# Die Krähen sind mir immer sympathischer :)



## Tanny (5. Juli 2015)

Ich mochte sie ja schon immer, meine Rabenkrähen. 

Aber seit heute haben sie bei mir einen noch viel "größeren Stein im Brett".

Nicht nur, dass sie die Greifvögel von meinen Hühnern fernhalten, 
meine Freundin hat heute morgen hautnah beobachtet, dass die Krähen, 
wenn sie so über die Weide staksen (was sie häufig machen): 

  

nicht einfach nur da rumhüpfen, nein, *sie jagen (erfolgreich) Mäuse!*


----------



## Mondragor (6. Juli 2015)

Herrlich,
ich hatte so viele Wühlmäuse im Garten, dass ich davon auch gerne ne schachtel bestellen würde 
Mein gesamter Rasen ist zu einer Berg-und-Tal-Landschaft geworden. Die Bauten habe ich nun mit 
Sand aufgefüllt, überall wo Löcher waren, einige musste ich mehrfach befüllen.
Aber jetzt sind sie weg, glaub ich.


----------



## Tanny (6. Juli 2015)

du willst "eine Schachtel Krähen" bestellen?

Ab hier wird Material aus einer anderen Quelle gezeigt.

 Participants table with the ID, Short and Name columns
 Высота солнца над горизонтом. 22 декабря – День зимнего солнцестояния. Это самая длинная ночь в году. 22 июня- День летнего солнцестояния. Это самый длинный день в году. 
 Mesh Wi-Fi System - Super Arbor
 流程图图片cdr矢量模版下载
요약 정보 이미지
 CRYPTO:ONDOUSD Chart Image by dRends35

...lass mich mal wissen, wenn Du Erfolg hattest 

LG
Kirstin


----------



## jolantha (16. Mai 2016)

Ich schwanke jetzt, zwischen " Ich mag sie immer noch " und " nicht so wirklich " .
Meine Rabenkrähen betrachten ja den Teich als ihr Eigentum, und verjagen gnadenlos den __ Fischreiher !! 
Gestern habe ich allerdings beobachtet, wie sie zu zweit auf einem kleinen Spatz herumhackten, der verzweifelt versucht zu entkommen 
Als ich rausgerannt bin, ist die Eine mit ihm im Schnabel weggeflogen. 
Ich weiß, das ist auch Natur, aber so direkt damit konfrontiert zu weren, ist natürlich nicht so toll .


----------



## Tanny (16. Mai 2016)

Hallo Anne,

ich kann da Deine Gefühle sehr gut verstehen.

Entweder war es ein Spatz, der gerade erst das Nest verlassen hat und unvorsichtig war,
oder es war ein Spatz, der in irgendeiner Form verletzt oder geschwächt war.

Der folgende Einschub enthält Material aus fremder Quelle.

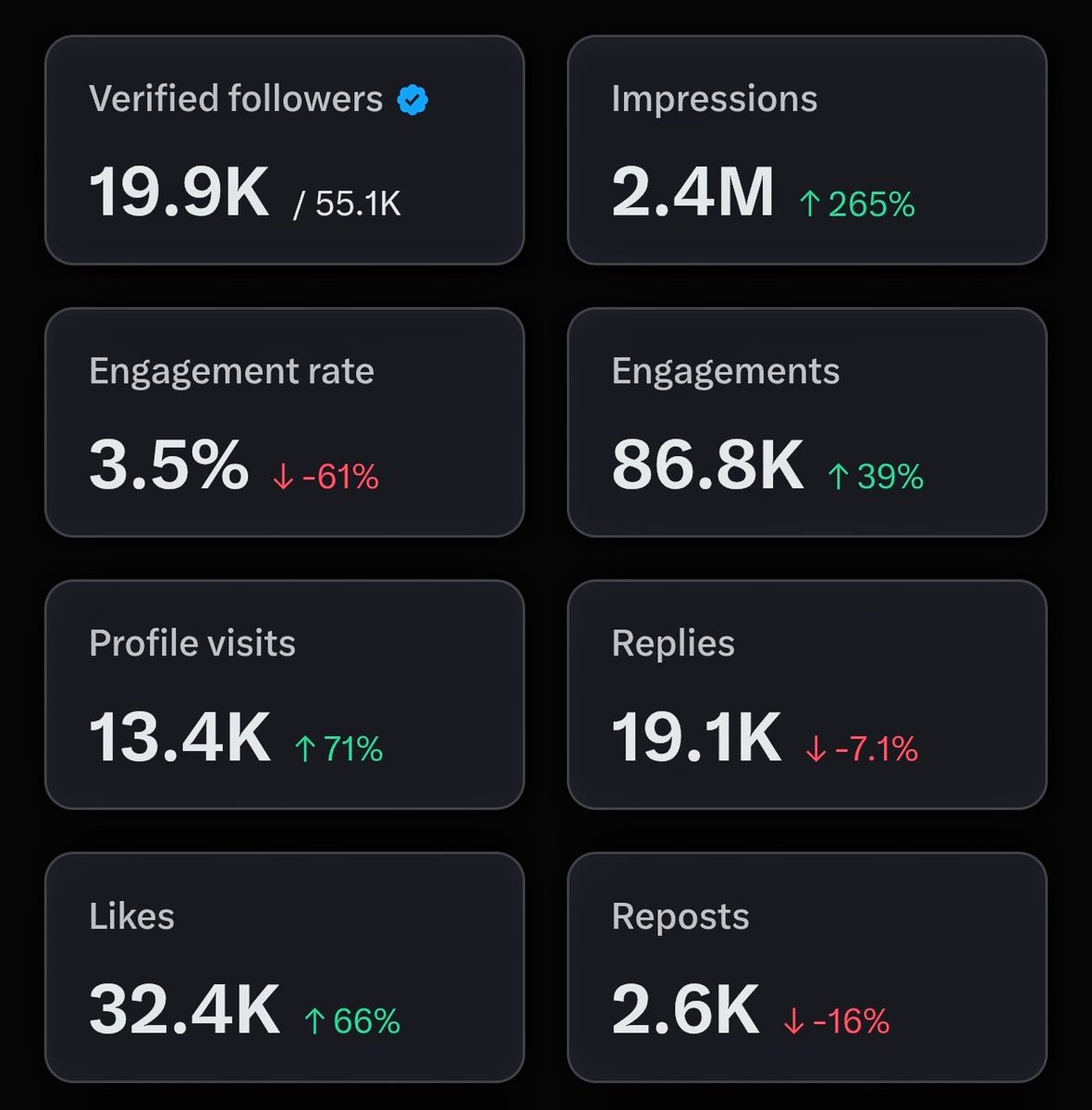 Build your X account 🧲🪜

Visibility opens doors.

Consistency builds the stairs.

Most quit between step one and two.

GAIN daily 🤝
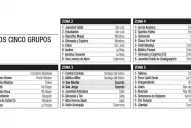 Así será el nuevo Federal A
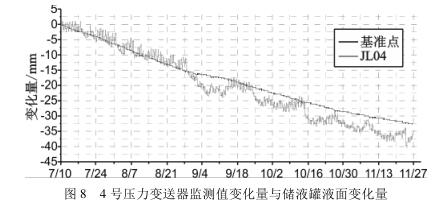 4 號壓力91视频最新地址監測值變化量與儲液罐液麵變化量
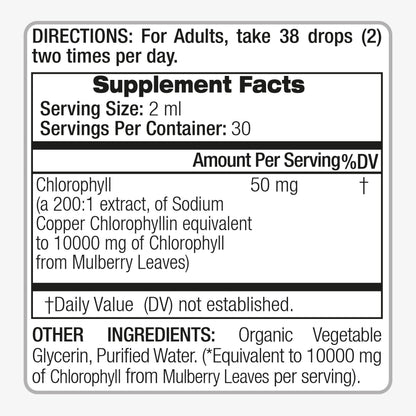FITO MEDIC'S Lab | Liquid Chlorophyll | Chlorophyll Liquid Drops | 50 mg 200:1 Ratio Extract per Serving.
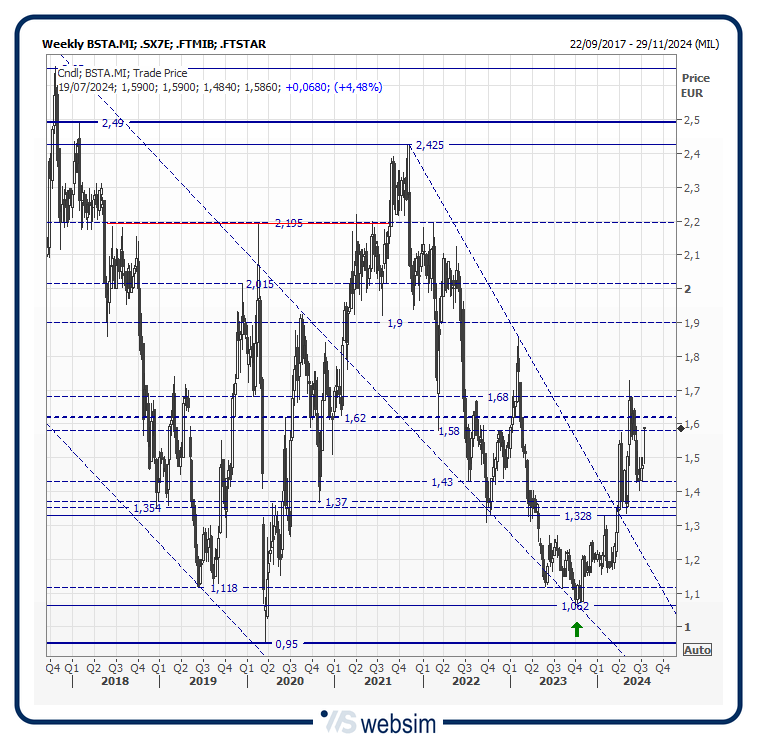 16bsta WebSim 16bsta WebSim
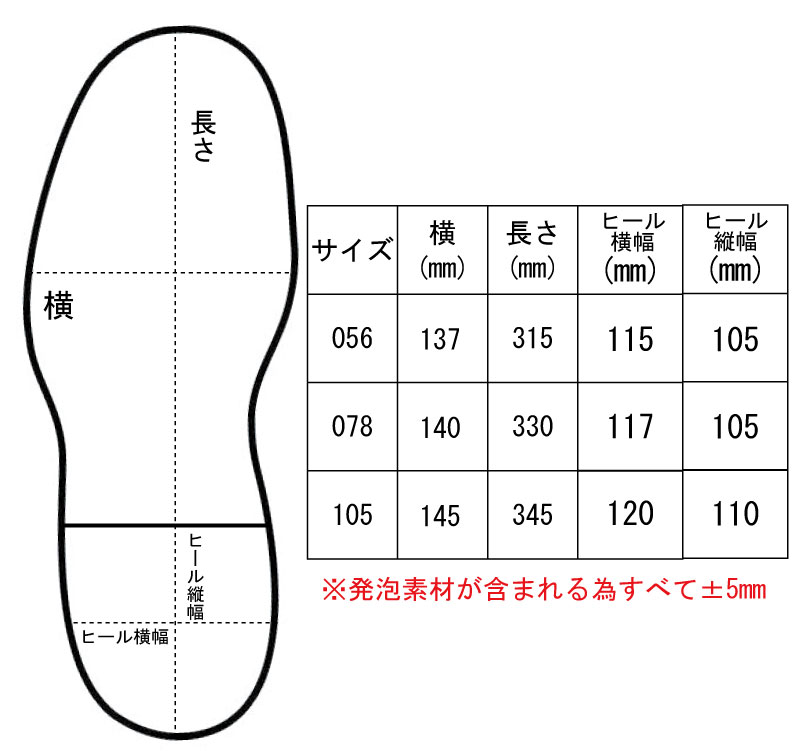 サイズ表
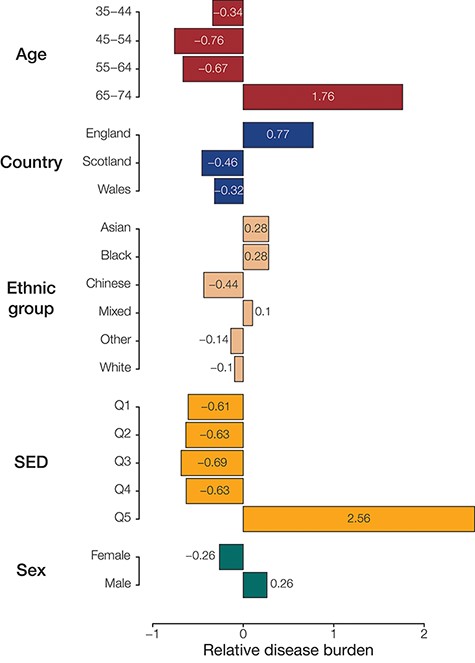 Population (sub)group disease burdens. Relative disease burden values are shown for population groups’ constituent subgroups.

Sonst hätten die Krähen ihn nicht erwischt, denn sie sind von ihren anatomischen Voraussetzungen
nicht in der Lage, gesunde Vögel zu erjagen.

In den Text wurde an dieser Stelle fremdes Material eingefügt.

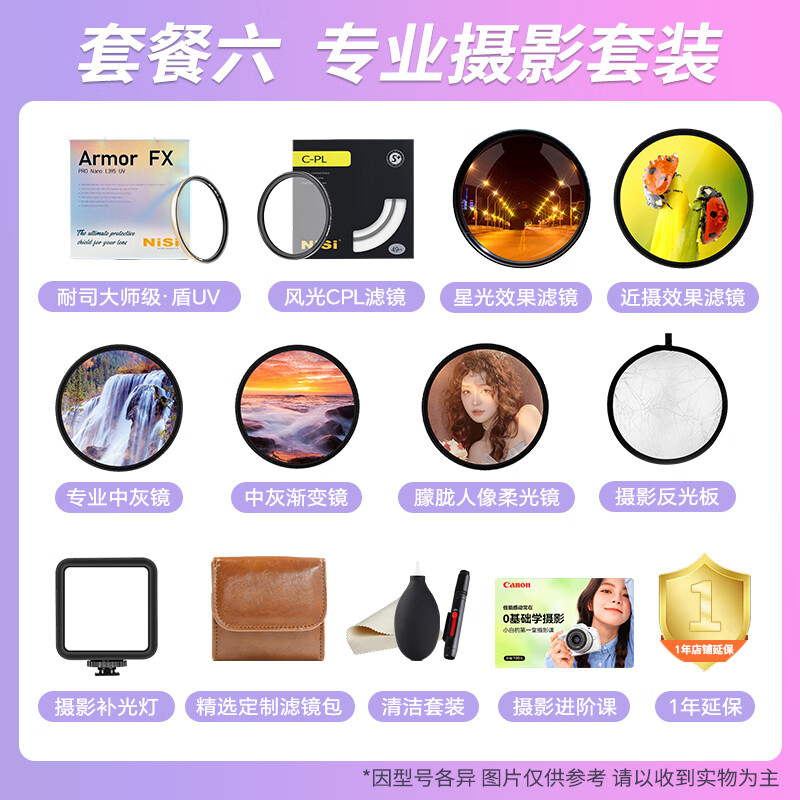 Canon 18-150 lens, high magnification zoom, half-frame mirrorless disassembly lens, portrait, street sweeping essential lens, suitable for EOSR R7 R10 RF-S18-150F3.5-6.3ISSTM disassembly, standard configuration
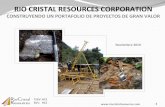 RIO CRISTAL RESOURCES CORPORATION - expobolsalima.com · +18,000 hectáreas en nuevo MVT distrito de zinc 4 Proyectos de Exploración:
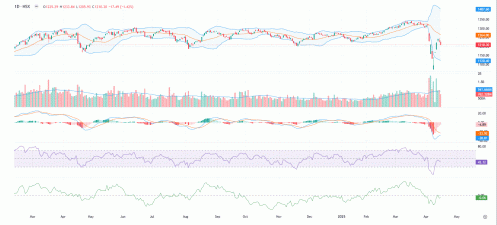 Thanh khoản sụt giảm, VN-Index có thể sẽ thử thách lại ngưỡng hỗ trợ 1.180 điểm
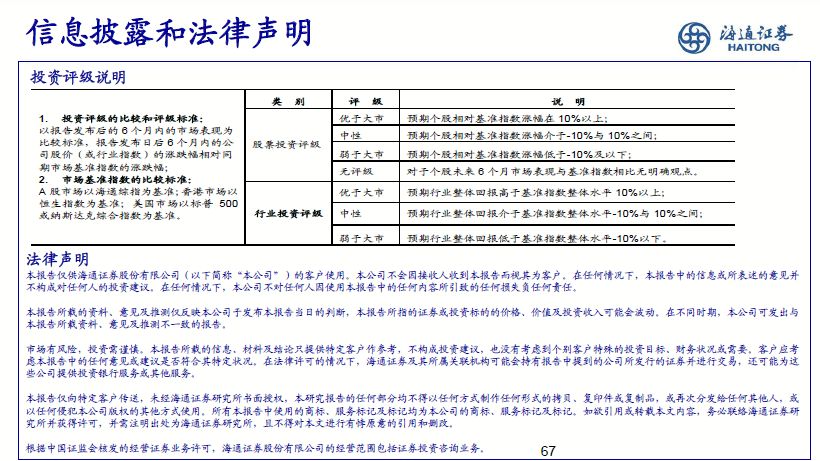 新澳最新最快资料新澳51期,精细评估方案_幽雅版66.759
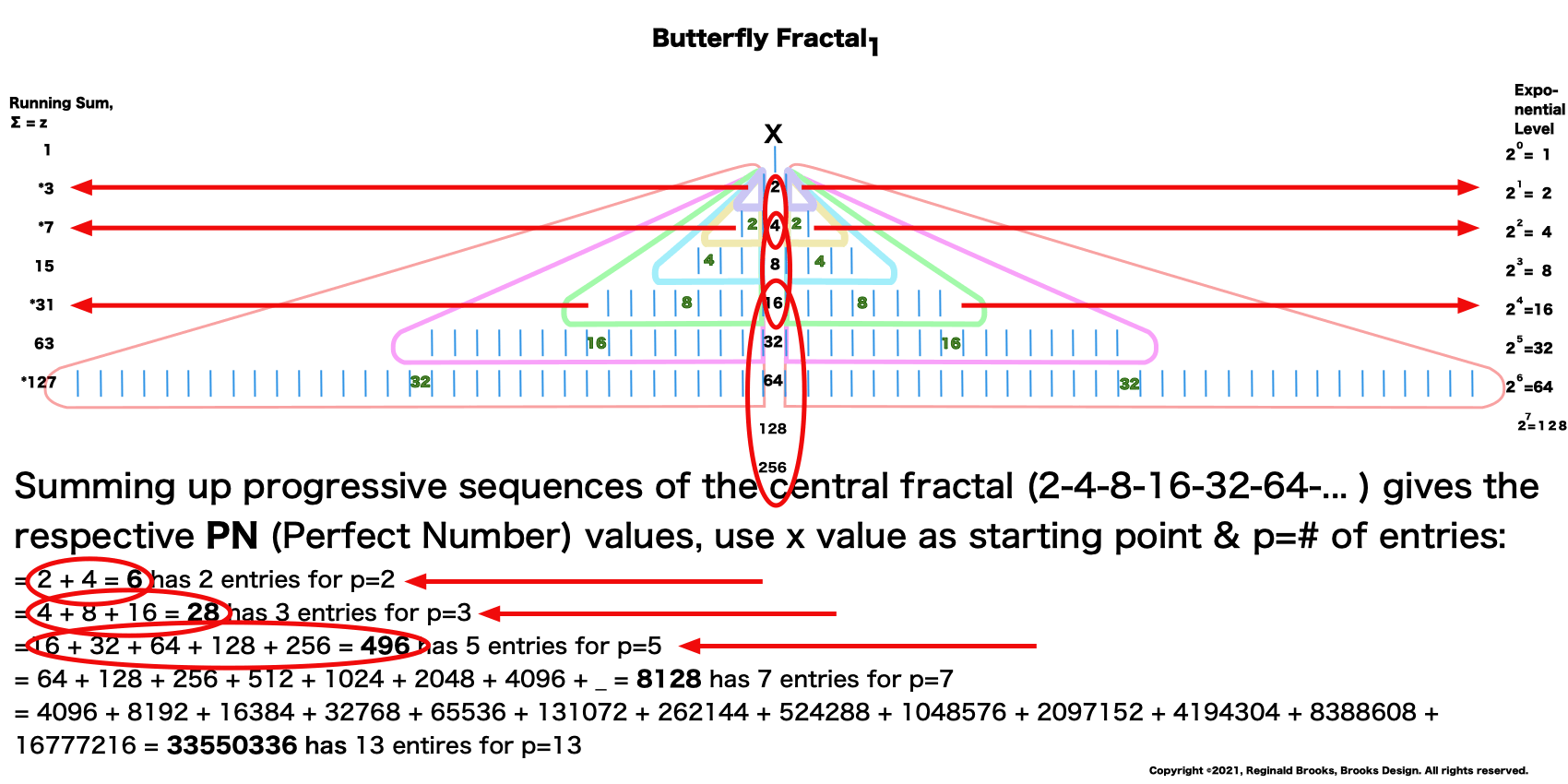 BIMMPS_Fractal-23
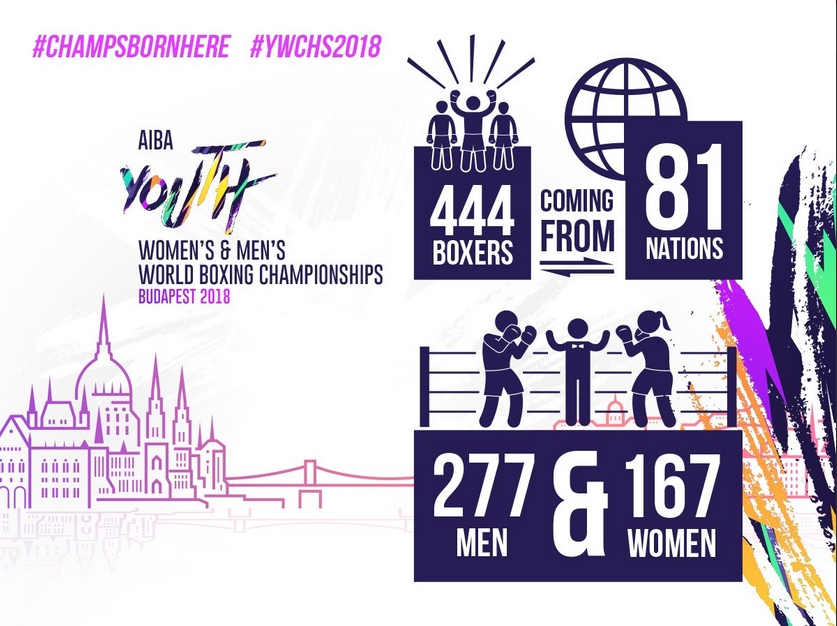 5 giorni al via dei Mondiali Youth 2018: 444 i Boxer in arrivo a Budapest - 12 gli Azzurri #YWCHS2018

Insofern sieh es so: sie haben unter Umständen ein leidendes Tier erlöst.

Zur Zeit sind die Rabenkrähen auf tierische Kost (Insekten und Fleisch) angewiesen, da sie ihre Küken
aufziehen.

Meine zwei Rabenkrähen habe ich dieses Jahr noch nicht einmal gesehen, wie sie auf Jungvögel gehen, die
etwas unbeholfen wirken.

Liegt wohl daran, dass ich sie mit genügend Nahrung für ihre Kinder versorge 

Ich erzähle von meinen zwei "Hof-Bewach-Krähen" und meine Fütterungen und Beobachtungen im Rabenforum.

Wenn es Dich interessiert:

* defekter Link entfernt *

(wie hier: zum Fotos betrachten muss man sich anmelden)

LG
Kirstin


----------



## groecamp (16. Mai 2016)

Die Raben fressen nicht nur anderes Getier, was völlig normal ist und dem höheren Plan der Arterhaltung entspricht, sondern auch meine Butterbrezel vom Tisch, wenn ich nur kurz reingehe um Kaffee zu holen....ich mag sie aber trotzdem... weil sie doch sehr clever sind, was man von einigen Homo Sapiens nicht behaupten kann...


----------



## juerg_we (16. Mai 2016)

Hallo,
gibt es bei raben eigentlich ein team oder eine gruppe?
gestern habe ich in meinem garten beobachtet wie sich 2 raben auf einen anderen "draufgestürzt haben"
und es ,in meinen augen ,böse haue gegeben hat für den einen raben.
hatte das so noch nicht gesehen,konnte bis auf 2 m an sie heran bis sie mich bemerkten und dann alle davonflogen.
gruss
Jürgen
(ps .bei mir sind die raben auch willkommen)


----------



## Tanny (16. Mai 2016)

Hallo Jürgen,
Rabenkrähen leben als Paare und besetzen jeweils ein Brutrevier, was je nach örtlichen Gegebenheiten und Futterangebot 0.5 - 1,5 ha groß sein kann.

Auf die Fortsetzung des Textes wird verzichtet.